### Problem description
Scan the records beneath this line for the line holding "Cadre de lit" and the line holding "and Light Lush", then transcribe exactly those two and all lines between.
[Data for the task — start]
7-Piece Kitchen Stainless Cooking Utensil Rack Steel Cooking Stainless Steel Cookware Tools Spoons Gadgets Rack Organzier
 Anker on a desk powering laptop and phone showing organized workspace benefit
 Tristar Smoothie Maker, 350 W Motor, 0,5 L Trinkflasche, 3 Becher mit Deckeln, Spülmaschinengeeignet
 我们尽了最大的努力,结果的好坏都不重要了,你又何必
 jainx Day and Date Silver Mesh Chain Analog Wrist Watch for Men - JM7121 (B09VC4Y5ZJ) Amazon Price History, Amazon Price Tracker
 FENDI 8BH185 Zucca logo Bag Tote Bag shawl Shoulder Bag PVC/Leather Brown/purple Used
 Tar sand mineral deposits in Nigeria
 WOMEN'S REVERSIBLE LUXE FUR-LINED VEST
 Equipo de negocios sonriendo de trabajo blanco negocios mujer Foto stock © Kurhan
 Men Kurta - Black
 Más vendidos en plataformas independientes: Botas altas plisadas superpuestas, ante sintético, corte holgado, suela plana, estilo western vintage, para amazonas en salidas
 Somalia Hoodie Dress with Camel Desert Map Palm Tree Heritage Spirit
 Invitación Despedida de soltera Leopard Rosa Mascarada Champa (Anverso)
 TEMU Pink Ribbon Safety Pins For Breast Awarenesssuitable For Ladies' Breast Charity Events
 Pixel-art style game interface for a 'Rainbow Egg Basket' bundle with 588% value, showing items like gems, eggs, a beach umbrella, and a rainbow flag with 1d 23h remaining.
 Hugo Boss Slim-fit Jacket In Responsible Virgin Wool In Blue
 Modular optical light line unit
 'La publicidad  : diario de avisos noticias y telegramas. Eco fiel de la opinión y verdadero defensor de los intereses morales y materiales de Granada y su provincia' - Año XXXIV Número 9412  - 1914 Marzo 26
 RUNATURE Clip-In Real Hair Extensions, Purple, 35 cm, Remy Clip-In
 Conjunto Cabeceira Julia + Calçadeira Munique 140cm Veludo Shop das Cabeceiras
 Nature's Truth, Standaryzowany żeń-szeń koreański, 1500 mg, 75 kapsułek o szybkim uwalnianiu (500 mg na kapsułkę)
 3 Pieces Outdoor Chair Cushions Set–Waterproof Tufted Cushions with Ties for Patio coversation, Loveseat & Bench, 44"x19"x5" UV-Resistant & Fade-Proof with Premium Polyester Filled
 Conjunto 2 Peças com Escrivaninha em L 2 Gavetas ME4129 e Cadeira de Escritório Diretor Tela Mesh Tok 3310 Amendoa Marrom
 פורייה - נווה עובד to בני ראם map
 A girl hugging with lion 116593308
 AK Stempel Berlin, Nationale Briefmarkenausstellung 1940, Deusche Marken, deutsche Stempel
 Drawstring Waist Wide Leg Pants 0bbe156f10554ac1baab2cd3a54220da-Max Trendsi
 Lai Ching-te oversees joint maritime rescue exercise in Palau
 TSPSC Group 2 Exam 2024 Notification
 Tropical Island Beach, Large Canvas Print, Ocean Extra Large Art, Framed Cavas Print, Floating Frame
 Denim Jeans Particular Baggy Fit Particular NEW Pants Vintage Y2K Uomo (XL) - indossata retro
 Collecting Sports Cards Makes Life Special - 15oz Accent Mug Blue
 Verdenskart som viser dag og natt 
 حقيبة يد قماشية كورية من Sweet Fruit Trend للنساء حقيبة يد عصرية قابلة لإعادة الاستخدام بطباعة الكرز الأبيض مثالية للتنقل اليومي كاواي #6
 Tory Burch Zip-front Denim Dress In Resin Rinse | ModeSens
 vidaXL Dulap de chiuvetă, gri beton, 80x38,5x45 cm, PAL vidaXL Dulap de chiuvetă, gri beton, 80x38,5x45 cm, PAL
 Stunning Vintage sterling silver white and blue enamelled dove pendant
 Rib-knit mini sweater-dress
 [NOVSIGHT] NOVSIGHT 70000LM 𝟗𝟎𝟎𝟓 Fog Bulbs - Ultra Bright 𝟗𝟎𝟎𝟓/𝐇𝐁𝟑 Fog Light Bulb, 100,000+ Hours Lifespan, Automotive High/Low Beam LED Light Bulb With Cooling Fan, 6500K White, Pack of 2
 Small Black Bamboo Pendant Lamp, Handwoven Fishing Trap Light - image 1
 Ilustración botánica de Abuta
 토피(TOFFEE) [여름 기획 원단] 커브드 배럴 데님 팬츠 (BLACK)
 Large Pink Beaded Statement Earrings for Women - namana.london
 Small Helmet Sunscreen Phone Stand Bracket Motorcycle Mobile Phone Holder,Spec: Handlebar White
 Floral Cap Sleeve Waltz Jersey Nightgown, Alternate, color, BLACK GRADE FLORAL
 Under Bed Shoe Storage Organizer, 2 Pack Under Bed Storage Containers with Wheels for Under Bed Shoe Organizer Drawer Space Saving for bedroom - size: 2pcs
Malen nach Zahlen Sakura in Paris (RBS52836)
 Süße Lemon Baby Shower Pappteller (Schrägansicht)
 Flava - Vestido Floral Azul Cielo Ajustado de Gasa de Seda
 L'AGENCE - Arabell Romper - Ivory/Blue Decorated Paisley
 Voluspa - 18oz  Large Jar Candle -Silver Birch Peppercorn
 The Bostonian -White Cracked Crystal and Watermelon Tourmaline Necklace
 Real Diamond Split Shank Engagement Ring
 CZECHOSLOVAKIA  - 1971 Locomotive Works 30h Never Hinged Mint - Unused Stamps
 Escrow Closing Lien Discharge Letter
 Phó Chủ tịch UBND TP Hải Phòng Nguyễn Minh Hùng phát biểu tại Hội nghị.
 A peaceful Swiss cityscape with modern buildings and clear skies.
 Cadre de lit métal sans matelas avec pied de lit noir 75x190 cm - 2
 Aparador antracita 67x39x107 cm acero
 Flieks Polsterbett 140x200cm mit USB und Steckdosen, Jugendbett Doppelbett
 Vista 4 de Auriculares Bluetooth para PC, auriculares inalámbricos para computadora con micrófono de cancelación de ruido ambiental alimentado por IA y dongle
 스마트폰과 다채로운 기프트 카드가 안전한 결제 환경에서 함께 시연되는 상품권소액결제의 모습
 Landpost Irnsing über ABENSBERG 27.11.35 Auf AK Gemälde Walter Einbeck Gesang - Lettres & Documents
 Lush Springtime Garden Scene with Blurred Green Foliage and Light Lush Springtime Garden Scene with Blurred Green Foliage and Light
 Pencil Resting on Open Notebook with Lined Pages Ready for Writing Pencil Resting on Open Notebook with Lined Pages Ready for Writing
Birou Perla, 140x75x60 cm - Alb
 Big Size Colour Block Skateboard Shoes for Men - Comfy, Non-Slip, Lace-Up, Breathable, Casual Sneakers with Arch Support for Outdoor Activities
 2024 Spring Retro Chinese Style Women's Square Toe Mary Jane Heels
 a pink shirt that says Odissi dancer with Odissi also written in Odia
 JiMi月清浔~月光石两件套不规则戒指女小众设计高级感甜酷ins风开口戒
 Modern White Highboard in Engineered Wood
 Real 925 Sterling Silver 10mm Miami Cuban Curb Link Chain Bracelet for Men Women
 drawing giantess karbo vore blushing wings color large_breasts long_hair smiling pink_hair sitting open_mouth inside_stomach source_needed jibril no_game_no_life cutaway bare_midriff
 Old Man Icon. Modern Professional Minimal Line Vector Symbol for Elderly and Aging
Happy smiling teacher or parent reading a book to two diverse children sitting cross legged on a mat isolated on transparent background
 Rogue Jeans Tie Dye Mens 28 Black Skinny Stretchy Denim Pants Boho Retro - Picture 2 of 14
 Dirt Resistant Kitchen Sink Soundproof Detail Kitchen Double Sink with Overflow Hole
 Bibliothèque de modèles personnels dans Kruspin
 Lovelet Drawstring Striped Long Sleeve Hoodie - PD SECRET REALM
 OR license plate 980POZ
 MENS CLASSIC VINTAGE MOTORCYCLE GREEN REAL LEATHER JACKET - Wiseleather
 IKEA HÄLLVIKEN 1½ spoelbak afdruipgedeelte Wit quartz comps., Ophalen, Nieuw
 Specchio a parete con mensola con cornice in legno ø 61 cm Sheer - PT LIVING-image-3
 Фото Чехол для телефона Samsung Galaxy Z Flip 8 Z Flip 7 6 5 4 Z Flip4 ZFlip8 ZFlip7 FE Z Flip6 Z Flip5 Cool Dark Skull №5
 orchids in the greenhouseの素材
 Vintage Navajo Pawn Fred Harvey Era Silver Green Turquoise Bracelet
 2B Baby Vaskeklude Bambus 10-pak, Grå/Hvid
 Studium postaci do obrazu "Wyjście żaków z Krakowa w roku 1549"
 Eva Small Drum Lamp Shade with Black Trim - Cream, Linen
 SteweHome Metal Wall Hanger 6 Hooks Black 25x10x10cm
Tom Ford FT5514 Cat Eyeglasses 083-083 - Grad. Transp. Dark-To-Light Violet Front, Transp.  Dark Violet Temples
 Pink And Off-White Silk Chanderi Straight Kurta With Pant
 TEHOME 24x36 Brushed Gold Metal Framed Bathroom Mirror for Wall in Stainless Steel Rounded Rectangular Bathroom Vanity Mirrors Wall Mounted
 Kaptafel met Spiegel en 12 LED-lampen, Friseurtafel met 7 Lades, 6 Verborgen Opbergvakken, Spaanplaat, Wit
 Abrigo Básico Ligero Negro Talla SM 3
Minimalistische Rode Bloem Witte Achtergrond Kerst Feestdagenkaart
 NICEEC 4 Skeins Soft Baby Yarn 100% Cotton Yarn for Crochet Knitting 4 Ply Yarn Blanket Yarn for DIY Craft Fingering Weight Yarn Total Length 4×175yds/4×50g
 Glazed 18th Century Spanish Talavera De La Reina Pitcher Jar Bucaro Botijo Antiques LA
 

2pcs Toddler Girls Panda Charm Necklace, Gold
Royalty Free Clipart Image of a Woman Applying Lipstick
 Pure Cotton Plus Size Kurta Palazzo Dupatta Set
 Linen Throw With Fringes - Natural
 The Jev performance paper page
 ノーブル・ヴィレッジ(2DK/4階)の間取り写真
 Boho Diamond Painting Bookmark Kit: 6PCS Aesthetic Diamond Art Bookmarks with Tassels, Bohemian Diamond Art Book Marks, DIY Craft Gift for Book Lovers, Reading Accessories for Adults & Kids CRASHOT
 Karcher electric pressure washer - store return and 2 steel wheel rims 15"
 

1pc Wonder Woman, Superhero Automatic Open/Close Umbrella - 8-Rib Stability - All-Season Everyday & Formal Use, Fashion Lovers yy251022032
[Data for the task — finish]
### Exercise result
 Cadre de lit métal sans matelas avec pied de lit noir 75x190 cm - 2
 Aparador antracita 67x39x107 cm acero
 Flieks Polsterbett 140x200cm mit USB und Steckdosen, Jugendbett Doppelbett
 Vista 4 de Auriculares Bluetooth para PC, auriculares inalámbricos para computadora con micrófono de cancelación de ruido ambiental alimentado por IA y dongle
 스마트폰과 다채로운 기프트 카드가 안전한 결제 환경에서 함께 시연되는 상품권소액결제의 모습
 Landpost Irnsing über ABENSBERG 27.11.35 Auf AK Gemälde Walter Einbeck Gesang - Lettres & Documents
 Lush Springtime Garden Scene with Blurred Green Foliage and Light Lush Springtime Garden Scene with Blurred Green Foliage and Light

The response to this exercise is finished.